Mitt winning narrowly in the swing States, as the polls had polled, would surely outpoint Obama’s circumventing Florida’s spoiled ballots and seven-hour waiting lines and the plurality of free thinkers in California, West vs. Eastwood. But we’re getting ahead of the narrative.
It was self evident to remember that Wall Street was Republican. In fact, long before November, Larry Kudlow, the CNBC soothsayer, had been soothing that dire results would befall the market with an Obama win, all because of the evils of socialism and big government, and frivolous spending on little old ladies and health care.
In the days since November 6, that’s been a little difficult to explain with a straight face – even allowing for the market’s Ouija board mystique – since the Dow Jones Average has taken a dead-cat bounce from 12,600 just after the election, to a recent record high over 14,000.
You’ll remember that the Ouija board has a mind of its own, or is magically consensual, distilling the will of the assembled players. Like communal prayer working miracles. Like a stock market. As a player, it helped if you had gone to Sunday School as a kid, or at least had a father who was an imitation options trader on CNBC.
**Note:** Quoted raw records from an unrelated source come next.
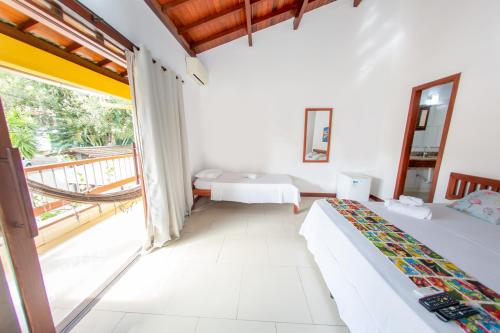 阿拉亚尔达茹达Pousada Flor do Arraial的一间带两张床的卧室和一个阳台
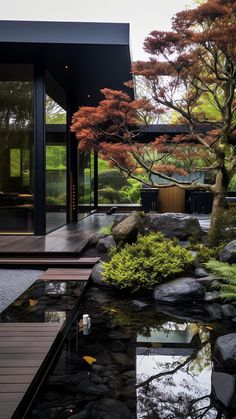 a japanese garden with rocks and trees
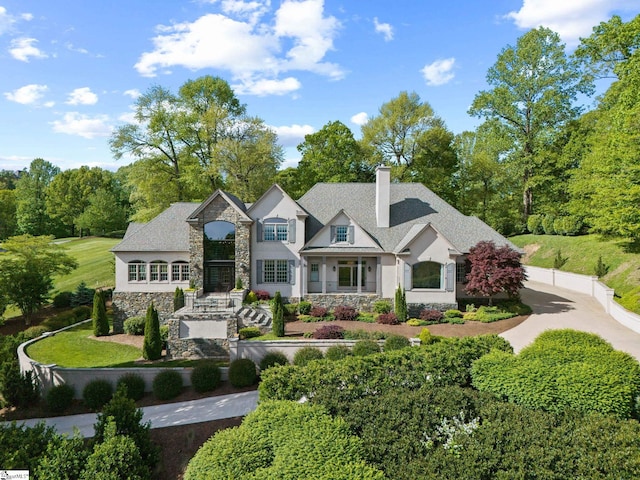 view of front of home featuring stone siding, a chimney, and stucco siding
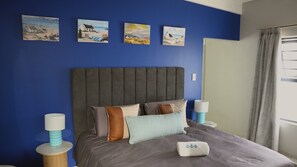Quarto com uma cama grande, cabeceira e quatro quadros pendurados na parede.
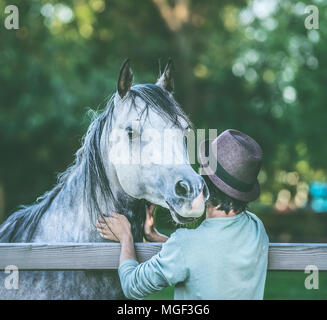 Junger Mann mit seiner arabischen Pferd im Sommer auf der Weide Stockfoto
The Dow Jones Index, which is really a Republican dance card, reminds me of a Ouija board. Financial talking heads, Wall Street traders and Mom and Pop investors all pretend that the market moves up, down or sideways in response to broad prevailing attitudes, taking into account the likely business cycle outlook, politics and the thousand internecine shocks that flesh is heir to, such as Obama’s scheme to trash free enterprise. The Ouija-like stock market sorts all this matrix out and then acts with what is considered to be a mind of its own.
Doesn’t that sort of give you a creepy feeling up your spine? On the other hand, sometimes I wonder if there are other twitchy fingers at work. Mostly Republican fingers. Perhaps the market marches to a far more simplistic drummer – one which plays a powerful paradiddle, engaging huge volumes of automated, programmed institutional trading.
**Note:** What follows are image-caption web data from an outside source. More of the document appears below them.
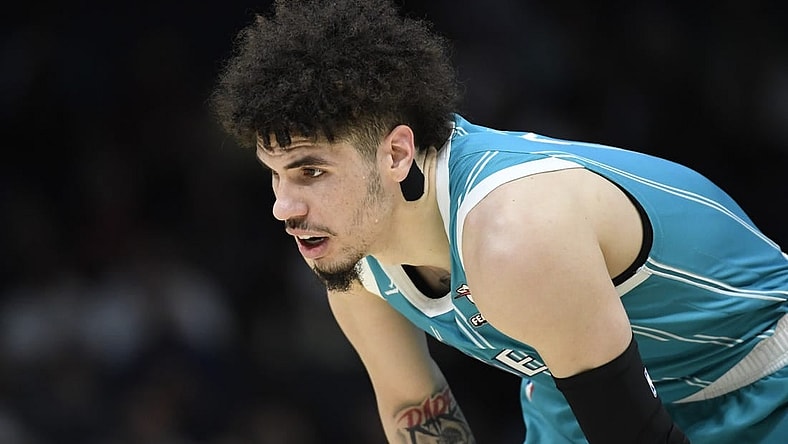 Nov 20, 2023; Charlotte, North Carolina, USA; Charlotte Hornets guard LaMelo Ball (1) in a time out during the first half against the Boston Celtics at the Spectrum Center. Mandatory Credit: Sam Sharpe-USA TODAY Sports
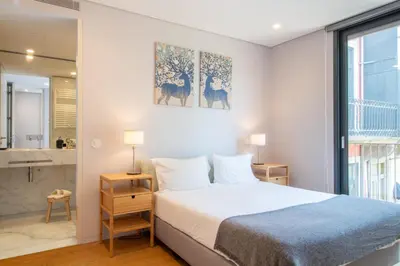 a bedroom with a bed and a bathroom at LovelyStay - Primrose 2BR Flat with Free Parking, AC and Balcony in Porto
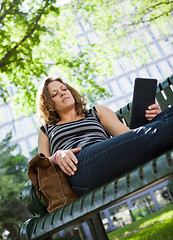 Image showing University Student Using Digital Tablet On Bench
So if the market’s big movers are all over the board like an invisible Ouija presence, moving that kidney-shaped index to “yes” (up) or “no” (down) according to the avoirdupois of their position sheets, which is to say their inventory of bonds, stocks and short positions, how can they be reacting so positively to the dreaded Obama resurgence? Unless of course everybody pretends that the market has a mind of its own, not remotely reflective of a Democratic administration. Rather, it’s plausible that those twitchy unregulated fingers could be doing the will of the followers of Rove and Norquist.
Meanwhile, the talking heads produce an inexhaustible stream of reasons for a bull market despite a Democratic White House: corporate earnings reports, a lack of gastric disturbance within the Federal Reserve System (or indeed dyspepsia on the part of its grand vizier, Ben Bernanke), zero interest rates, juiced-up money supply, the wealth of nations and the resolute determination of a Republican House to trash any hint of egalitarianism from the White House that might suggest a soupcon of socialism, which is to say anathema to, and a perceived impediment to, unbridled greed.
So now it’s easy to explain why the Republican Street, not the second-term Presidency, is responsible for this boots-and-saddles market. From Cantor’s freshly minted bullish immigration policy to Boehner’s resolute campaign to create jobs; earnings reports reflecting all those Republican CEOs and their guidance, while Republican governors uniformly taking action to crack down on unruly unions and enhance greater free enterprise.
Mission accomplished, as Dubbleya used to say. The sour grapes produce sweet vermouth after all.